The Wall Street Journal. “Alan Greenspan, the former chairman of the Federal Reserve, goes to a lot of parties. He and his wife ’sort of get invited everywhere,’ he says, sitting in front of the long bay window in his office in Washington, D.C. Lately, though, cocktails and dinners seem to have guest lists drawn almost exclusively from one political party or the other. ‘It used to be a ritualistic 50-50 at parties—the doyennes of culture and partying were very strict about bipartisanship,’ he adds. ‘That doesn’t exist anymore.’”

“In his new book, Mr. Greenspan, goes on a hunt for what has gone wrong in American politics and in the U.S. economy. He doesn’t blame the current administration for today’s partisan divide. The culprit? ‘It’s the benefits,’ he says, pointing to the disagreements between Republicans and Democrats over how to deal with the growth of entitlements.”
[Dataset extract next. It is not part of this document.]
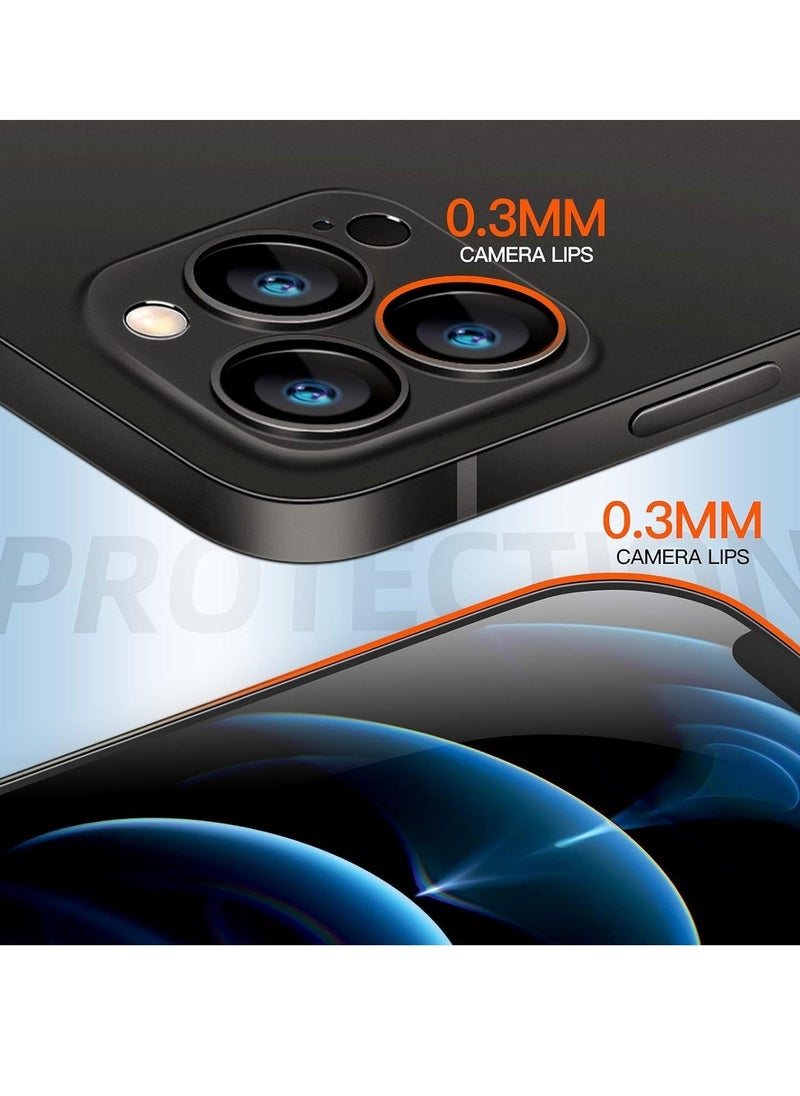 Compatible with iPhone 15 Pro Slim Case, Paper-Thin Matte Finish Skin Back Case [Anti-Fingerprints& Non-Yellowing] Ultra Protective Cover with Camera Protection - Image 3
“In the book, he also ponders why the Fed failed to predict the financial crisis, where he himself went wrong and how that discovery has completely changed his worldview. Mr. Greenspan’s biggest revelation came one day about a year ago when he was playing with gross domestic savings numbers. What he found, to his surprise and initial skepticism, was that an increase in entitlements has closely corresponded to a decline in the country’s savings. ‘We had this extraordinary increase in benefits, with each party trying to outbid the other,’ he says. ‘That practice has been eroding the country’s flow of savings that’s so critical in financing our capital investment.’ The decline in savings has been partly offset by borrowing from abroad, which brings us to our current foreign debt: ‘$5 trillion and counting,’ he says.”

“He said he is baffled by all the blame that has been piled on him. Since the recession, critics have said the increased money supply and low interest rates during his tenure at the Fed from 1987 to 2006 led to bubble investments. Mr. Greenspan first heard that theory, he says, in 2007, when John Taylor, a professor of economics at Stanford University who has advised Republicans, made the connection between easy money and the housing bubble. ‘It had absolutely nothing to do with the housing bubble,’ he says. ‘That’s ridiculous.’”
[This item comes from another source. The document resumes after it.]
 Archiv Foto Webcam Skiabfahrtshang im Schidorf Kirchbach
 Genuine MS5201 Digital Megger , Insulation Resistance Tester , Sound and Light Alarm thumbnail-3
“This disagreement is now the centerpiece of a long-running debate among economists, even inside the Fed today, that has yet to be resolved. After the Fed’s model failed to predict the financial crisis, he realized that there is more to forecasting than numbers. ‘It all fell apart, in the sense that not a single major forecaster of note or institution caught it,’ he says. ‘The Federal Reserve has got the most elaborate econometric model, which incorporates all the newfangled models of how the world works—and it missed it completely.’”

“And as late as 2007, the International Monetary Fund also said that global risk was declining. ‘A few days [after the crisis hit], I run into an article, and it is titled, ‘Do we economists know anything?’ he says.”

“Mr. Greenspan set out to find his blind spot step by step. First he drew the conclusion that the nonfinancial sector of the economy had been healthy. The problem lay in finance, because of its vulnerability to spells of euphoria and irrational fear. Studying the results of herd behavior provided him with some surprises. ‘I was actually flabbergasted,’ he says. ‘It upended my view of how the world works.’ He concluded that fear has at least three times the effect of euphoria in producing market gyrations. ‘I wouldn’t have dared write anything like that before,’ he says.”